[What you need to do]:
From the first line to the last, retype the records exactly without their images.

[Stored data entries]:

○ ○ ○ ○ ○ ○ ○

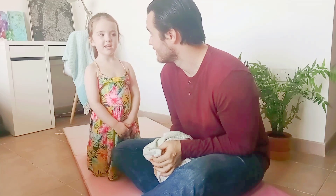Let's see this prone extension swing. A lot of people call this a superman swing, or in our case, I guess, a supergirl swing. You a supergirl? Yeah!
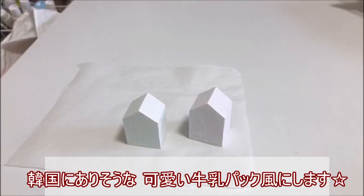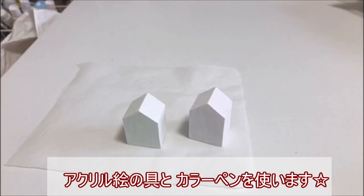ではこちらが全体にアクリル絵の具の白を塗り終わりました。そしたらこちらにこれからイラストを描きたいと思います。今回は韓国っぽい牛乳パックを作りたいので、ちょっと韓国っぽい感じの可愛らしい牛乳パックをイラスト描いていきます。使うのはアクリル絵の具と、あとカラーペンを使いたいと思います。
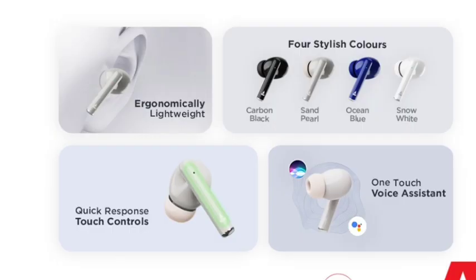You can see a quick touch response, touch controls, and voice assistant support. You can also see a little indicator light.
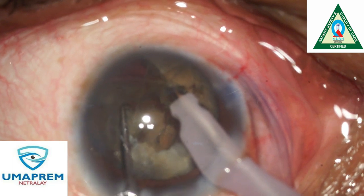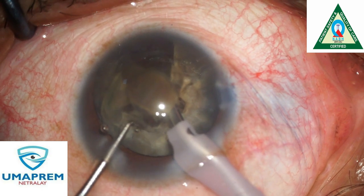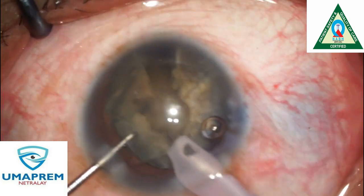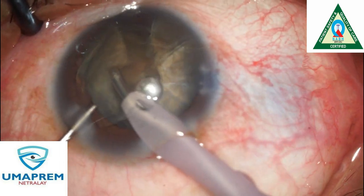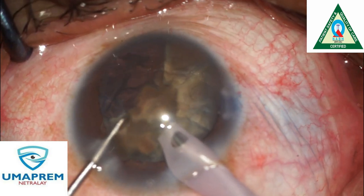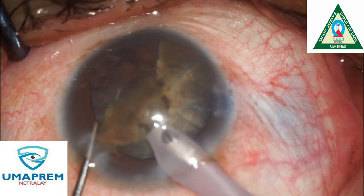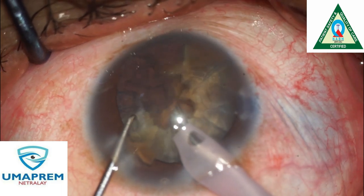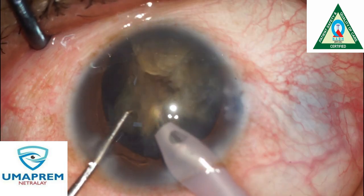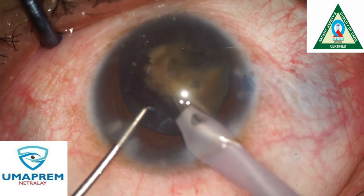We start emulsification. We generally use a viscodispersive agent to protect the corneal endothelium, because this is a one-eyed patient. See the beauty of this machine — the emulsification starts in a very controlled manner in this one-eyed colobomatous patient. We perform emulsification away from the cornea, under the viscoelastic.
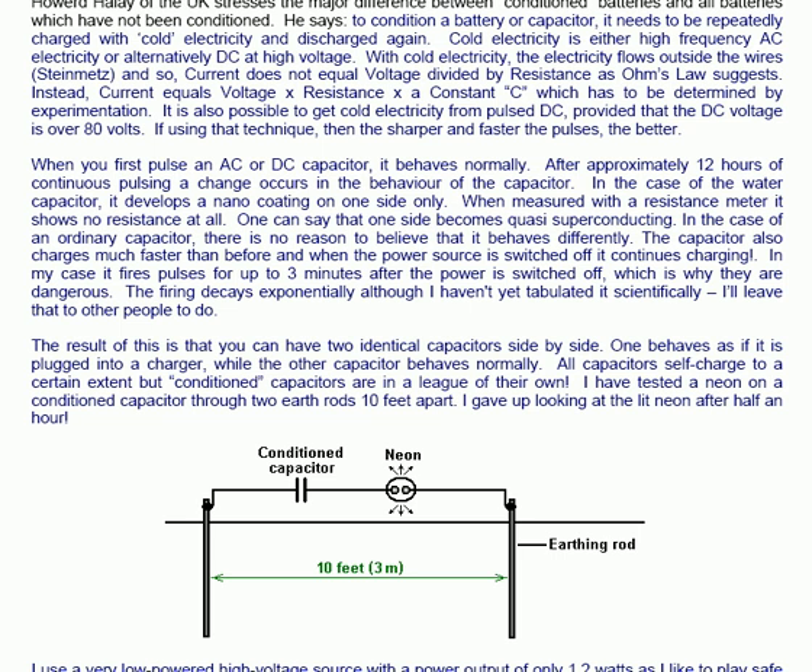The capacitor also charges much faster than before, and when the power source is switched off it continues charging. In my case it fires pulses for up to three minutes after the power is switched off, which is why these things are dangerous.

○ ○ ○ ○ ○ ○ ○

[Output]:
Let's see this prone extension swing. A lot of people call this a superman swing, or in our case, I guess, a supergirl swing. You a supergirl? Yeah!
ではこちらが全体にアクリル絵の具の白を塗り終わりました。そしたらこちらにこれからイラストを描きたいと思います。今回は韓国っぽい牛乳パックを作りたいので、ちょっと韓国っぽい感じの可愛らしい牛乳パックをイラスト描いていきます。使うのはアクリル絵の具と、あとカラーペンを使いたいと思います。
You can see a quick touch response, touch controls, and voice assistant support. You can also see a little indicator light.
We start emulsification. We generally use a viscodispersive agent to protect the corneal endothelium, because this is a one-eyed patient. See the beauty of this machine — the emulsification starts in a very controlled manner in this one-eyed colobomatous patient. We perform emulsification away from the cornea, under the viscoelastic.
The capacitor also charges much faster than before, and when the power source is switched off it continues charging. In my case it fires pulses for up to three minutes after the power is switched off, which is why these things are dangerous.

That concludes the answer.